Let $$f(x) = \begin{cases} \{4x^2 - 8x + 5\}, & \text{if } 8x^2 - 6x + 1 \ge 0 \\ [4x^2 - 8x + 5], & \text{if } 8x^2 - 6x + 1 < 0 \end{cases}$$, where $$[\alpha]$$ denotes the greatest integer less than or equal to $$\alpha$$ . Then the number of points in $$\mathbb{R}$$ where $$f$$ is not differentiable is ______.


Correct Answer: 3

We have $$f(x) = \begin{cases} \{4x^2 - 8x + 5\}, & \text{if } 8x^2 - 6x + 1 \ge 0 \\ [4x^2 - 8x + 5], & \text{if } 8x^2 - 6x + 1 < 0 \end{cases}$$ where $$\{\alpha\}$$ is the fractional part and $$[\alpha]$$ is the greatest integer function.

Observe that $$g(x) = 4x^2 - 8x + 5 = 4(x-1)^2 + 1$$.

Since $$g$$ attains its minimum at $$x = 1$$, this minimum value is $$g(1) = 1$$.

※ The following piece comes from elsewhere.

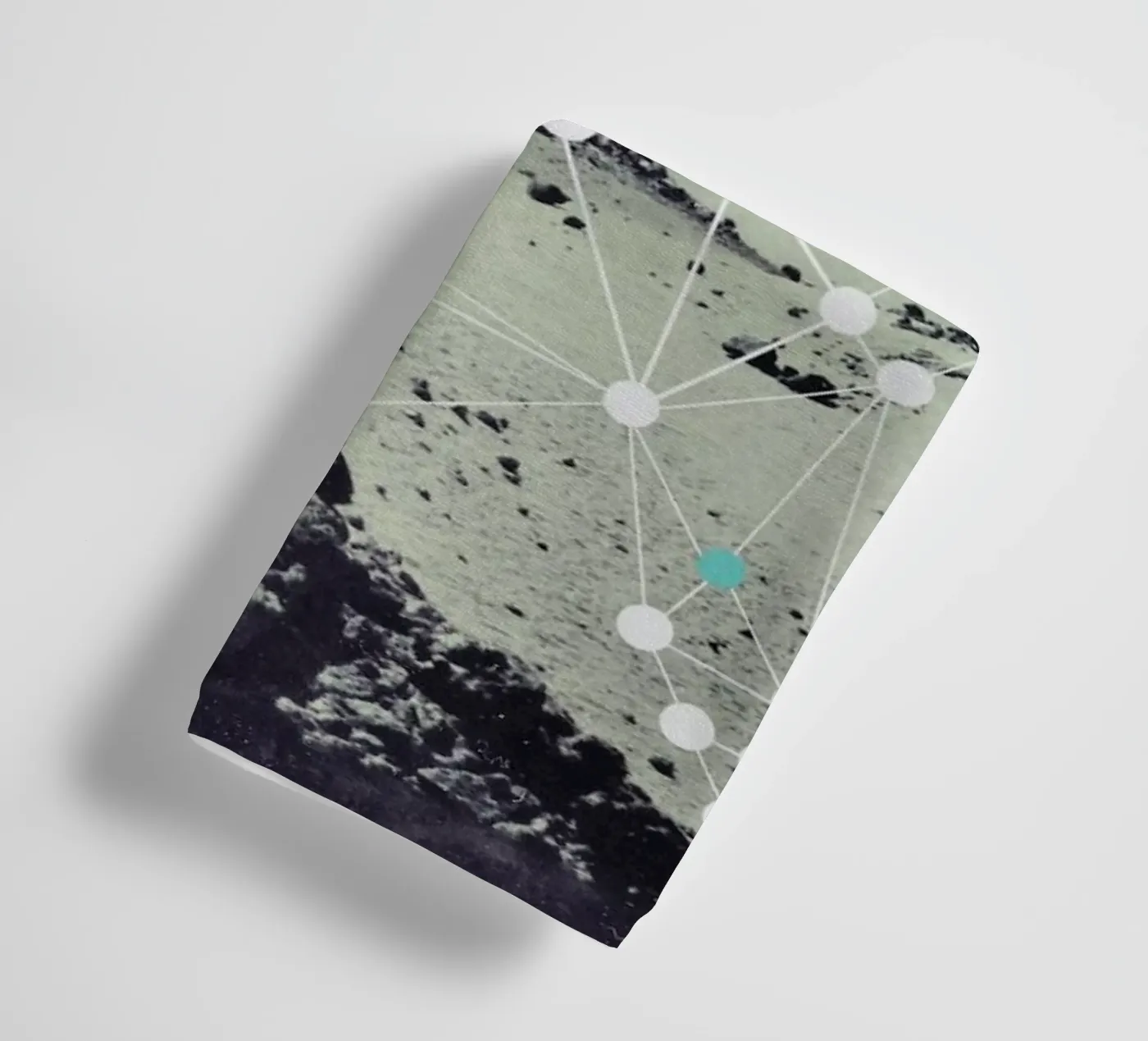 Netvaerk towel by Swen Swensøn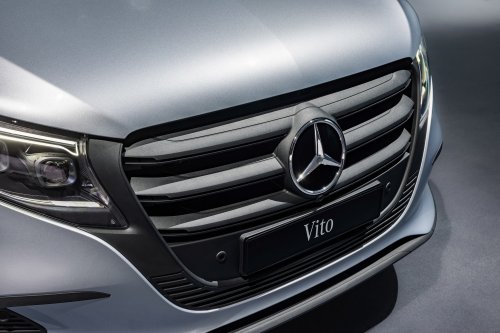 2025 Mercedes-Benz EQV facelift to launch in Malaysia tomorrow – Avantgarde Line, two 12.3-inch screens?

Moreover, $$g$$ is symmetric about $$x = 1$$.

To determine the intervals where each branch of $$f$$ applies, we solve $$8x^2 - 6x + 1 = 0$$.

$$8x^2 - 6x + 1 = (2x - 1)(4x - 1) = 0 \implies x = \dfrac{1}{4} \text{ or } x = \dfrac{1}{2}$$

It follows that $$8x^2 - 6x + 1 < 0$$ on $$\left(\dfrac{1}{4},\, \dfrac{1}{2}\right)$$ and is non-negative elsewhere.

Hence $$f(x) = \{g(x)\}$$ outside $$\left(\dfrac{1}{4},\, \dfrac{1}{2}\right)$$ and $$f(x) = [g(x)]$$ on $$\left(\dfrac{1}{4},\, \dfrac{1}{2}\right)$$.

In particular, evaluating $$g$$ at the endpoints of $$\left(\dfrac{1}{4},\, \dfrac{1}{2}\right)$$ yields:

$$g\!\left(\dfrac{1}{4}\right) = 4\!\left(\dfrac{3}{4}\right)^2 + 1 = 4 \cdot \dfrac{9}{16} + 1 = \dfrac{13}{4} = 3.25$$

$$g\!\left(\dfrac{1}{2}\right) = 4\!\left(\dfrac{1}{2}\right)^2 + 1 = 4 \cdot \dfrac{1}{4} + 1 = 2$$

Thus, on $$\left(\dfrac{1}{4},\, \dfrac{1}{2}\right)$$, $$g$$ decreases from $$3.25$$ to $$2$$.

Within this interval, the value of $$[g(x)]$$ depends on whether $$g(x)$$ lies in $$[3,3.25)$$ or $$[2,3)$$.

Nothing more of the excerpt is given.